No cycle collector — Rust accepts that cycles can leak (Rc cycles are safe but leak) and pushes the programmer toward Weak or ownership redesign. Leaking is memory-safe in Rust, just wasteful.
Interior mutability (RefCell/Cell for Rc, Mutex/RwLock for Arc) is needed to mutate through a shared pointer, since shared Rc/Arc give shared (immutable) access.

C++¶

shared_ptr<T> with a control block holding the strong count, the weak count, and the deleter.

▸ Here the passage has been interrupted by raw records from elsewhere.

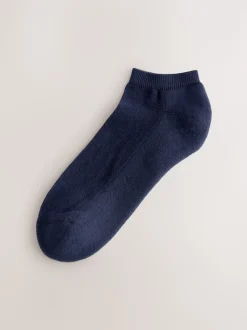 Pink/Blue/Neutral Cushion Sole Trainer Socks 4 Pack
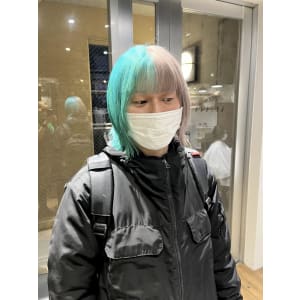 ショコラアッシュ　ヘルシースタイル　ふんわりカール　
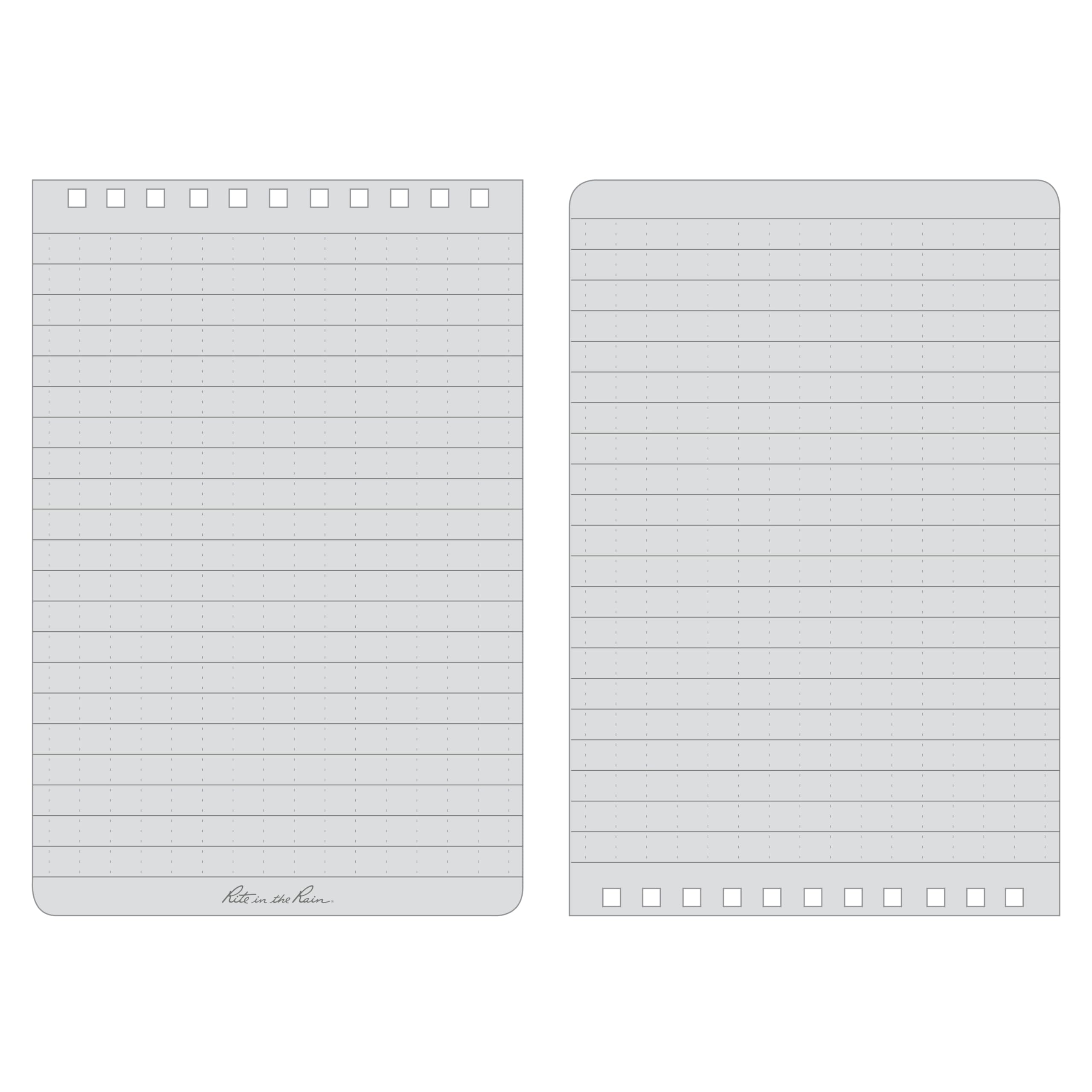 Rite in the Rain Weatherproof Top Spiral Notebook, 4" x 6", Orange Cover, Universal Pattern, 3 Pack (No.OR46-3)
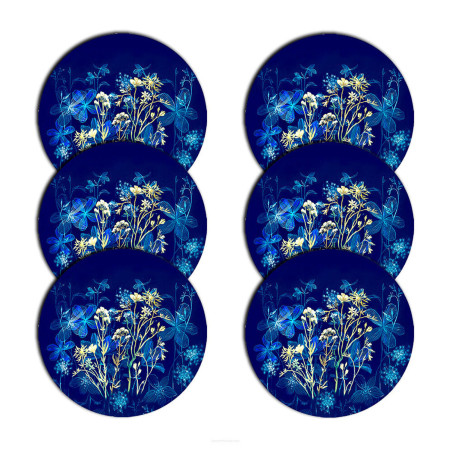 Set med runda bordsunderlägg 6D - MIDNIGHT | HandlaSmidigt.se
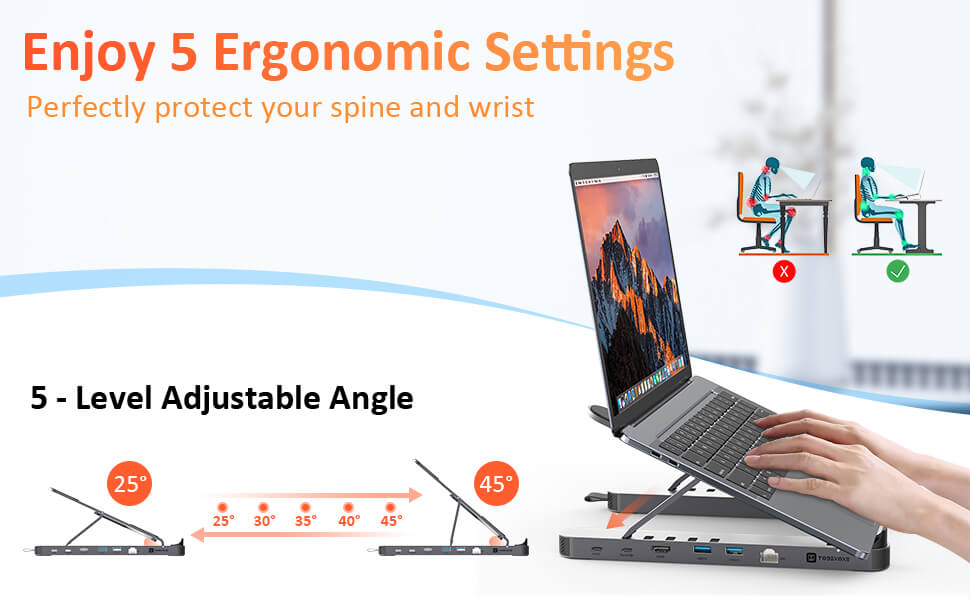 Enjoy 5 Ergonomic Settings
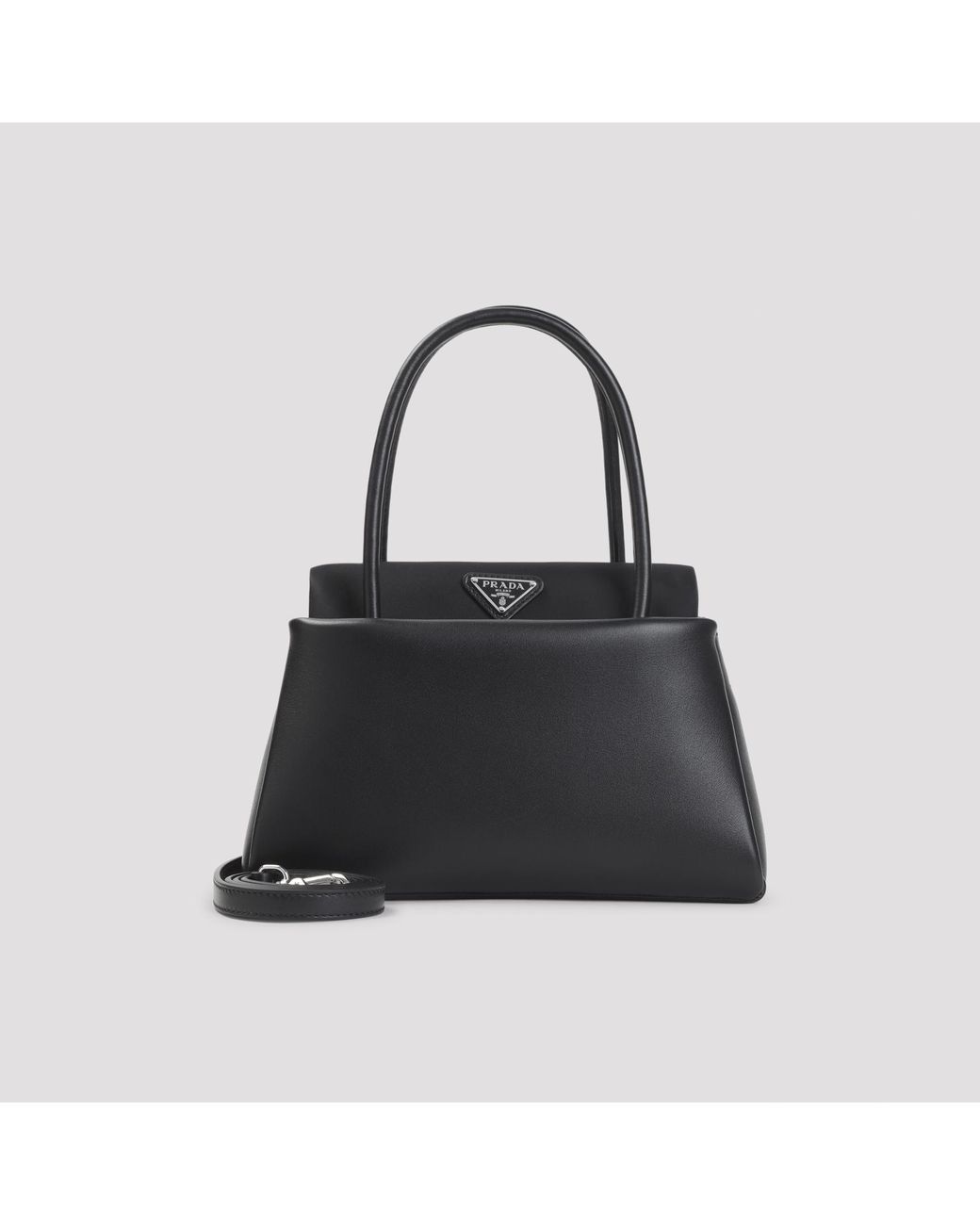 Prada Black Structured Leather Bag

The control block is separately allocated unless you use make_shared, which fuses object + control block into one allocation (better locality, one alloc).
Atomic strong/weak counts (always — the standard mandates thread-safe count manipulation, though the pointee is not protected).
weak_ptr for non-owning references; .lock() to upgrade.
enable_shared_from_this lets an object hand out shared_ptrs to itself without creating a second, independent control block (which would double-free).
No cycle collection; cycles leak. weak_ptr is the prescribed fix.

Mental Models¶

"Refcounting and tracing are duals." Don't think "GC vs refcounting"; think "where on the trace↔count spectrum, and with which hybrids." CPython is a literal hybrid.
"Naive refcounting trades throughput for latency." It spreads the cost out (good for pauses) but does more total work (bad for throughput). Every advanced optimization is an attempt to recover throughput without losing the latency win.
"Atomicity is a tax you can route around." Biased, deferred, and coalesced counting are all schemes to avoid paying the atomic/per-write tax on the common path.
"Cycles are an architectural decision, not a bug to patch." Whether you use weak refs, a cycle collector, or redesign ownership is a design choice with throughput, complexity, and correctness consequences.

Code Examples¶

Rust: the `Rc`/`Arc` decision and interior mutability¶

use std::rc::Rc;
use std::sync::Arc;
use std::cell::RefCell;
use std::sync::Mutex;

// Single-threaded shared, mutable: Rc + RefCell (non-atomic count, non-atomic borrow check)
let shared = Rc::new(RefCell::new(vec![1, 2, 3]));
shared.borrow_mut().push(4);

// Multi-threaded shared, mutable: Arc + Mutex (atomic count, locked data)
let shared_mt = Arc::new(Mutex::new(0u64));
let s2 = Arc::clone(&shared_mt);           // atomic increment
std::thread::spawn(move || { *s2.lock().unwrap() += 1; });

The cost asymmetry is explicit in the types: you pay atomic only by writing Arc.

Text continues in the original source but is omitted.